GIVEN MATERIAL -
======

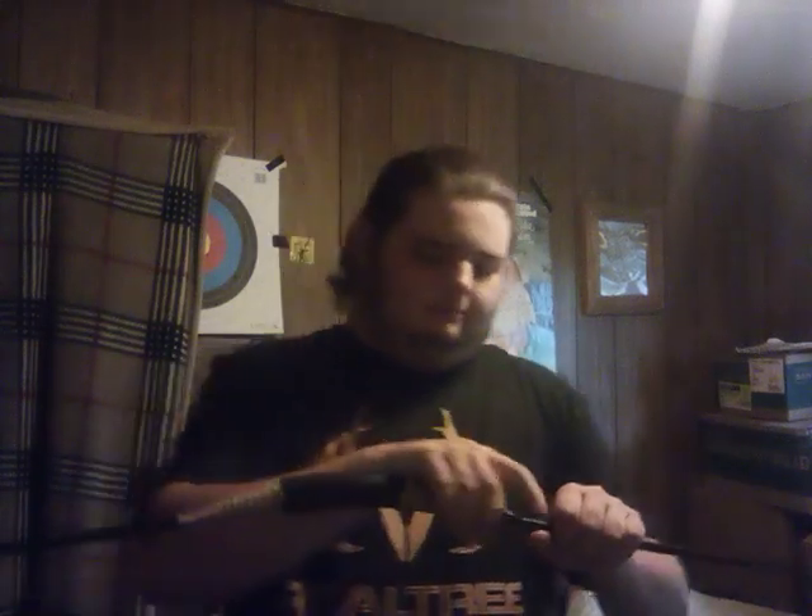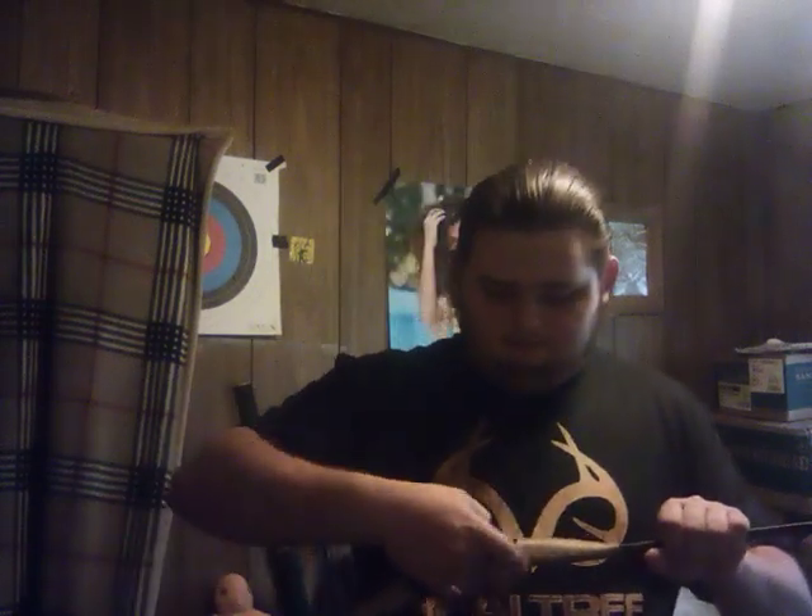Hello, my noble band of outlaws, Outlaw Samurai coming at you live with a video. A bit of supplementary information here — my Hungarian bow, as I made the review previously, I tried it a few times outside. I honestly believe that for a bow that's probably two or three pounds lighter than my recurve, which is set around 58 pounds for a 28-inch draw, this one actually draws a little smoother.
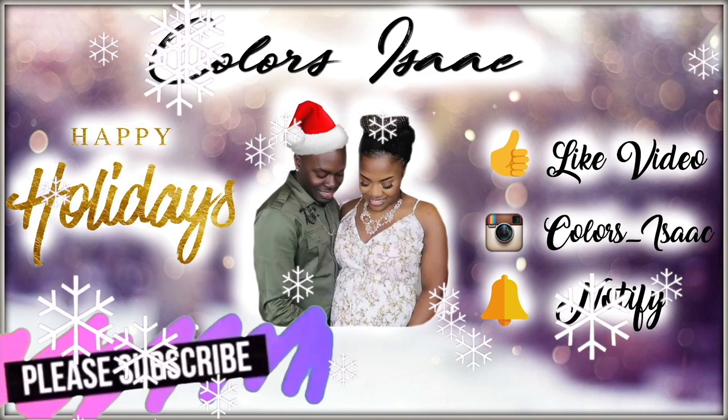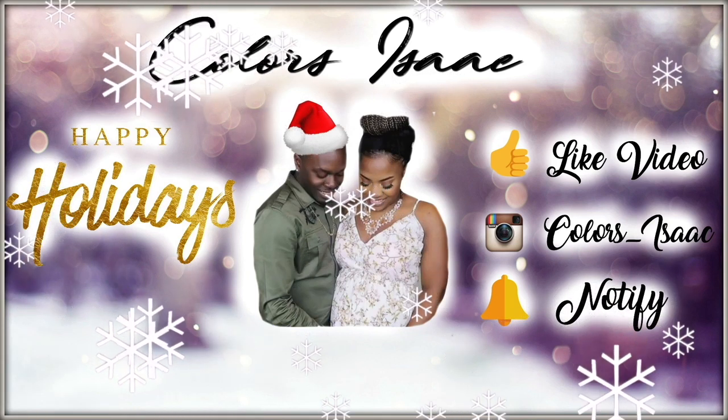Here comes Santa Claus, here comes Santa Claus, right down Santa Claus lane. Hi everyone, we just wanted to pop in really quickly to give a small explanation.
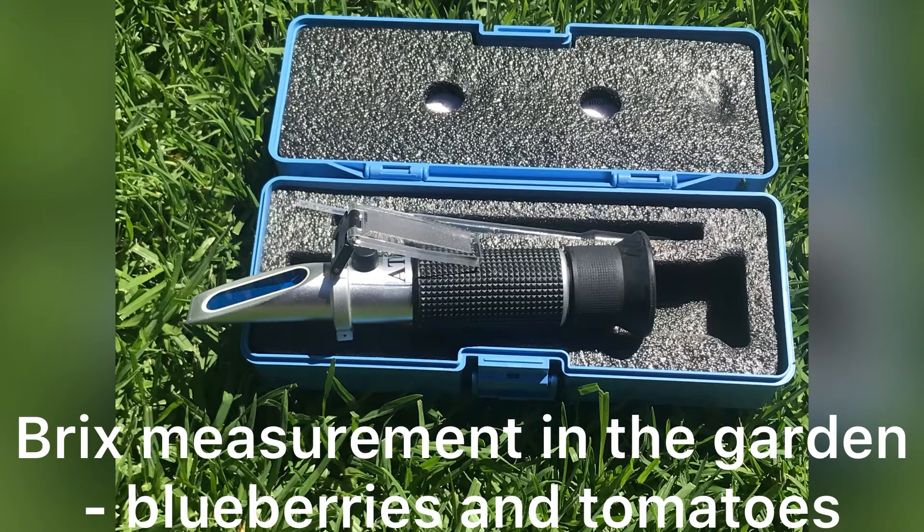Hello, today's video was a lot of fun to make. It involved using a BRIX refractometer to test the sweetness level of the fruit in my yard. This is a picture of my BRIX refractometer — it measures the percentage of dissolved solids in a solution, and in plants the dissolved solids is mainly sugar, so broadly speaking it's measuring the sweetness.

======

PROMPT - Everything in the material except the pictures should be output verbatim.

EXERCISE OUTPUT -
Hello, my noble band of outlaws, Outlaw Samurai coming at you live with a video. A bit of supplementary information here — my Hungarian bow, as I made the review previously, I tried it a few times outside. I honestly believe that for a bow that's probably two or three pounds lighter than my recurve, which is set around 58 pounds for a 28-inch draw, this one actually draws a little smoother.
Here comes Santa Claus, here comes Santa Claus, right down Santa Claus lane. Hi everyone, we just wanted to pop in really quickly to give a small explanation.
Hello, today's video was a lot of fun to make. It involved using a BRIX refractometer to test the sweetness level of the fruit in my yard. This is a picture of my BRIX refractometer — it measures the percentage of dissolved solids in a solution, and in plants the dissolved solids is mainly sugar, so broadly speaking it's measuring the sweetness.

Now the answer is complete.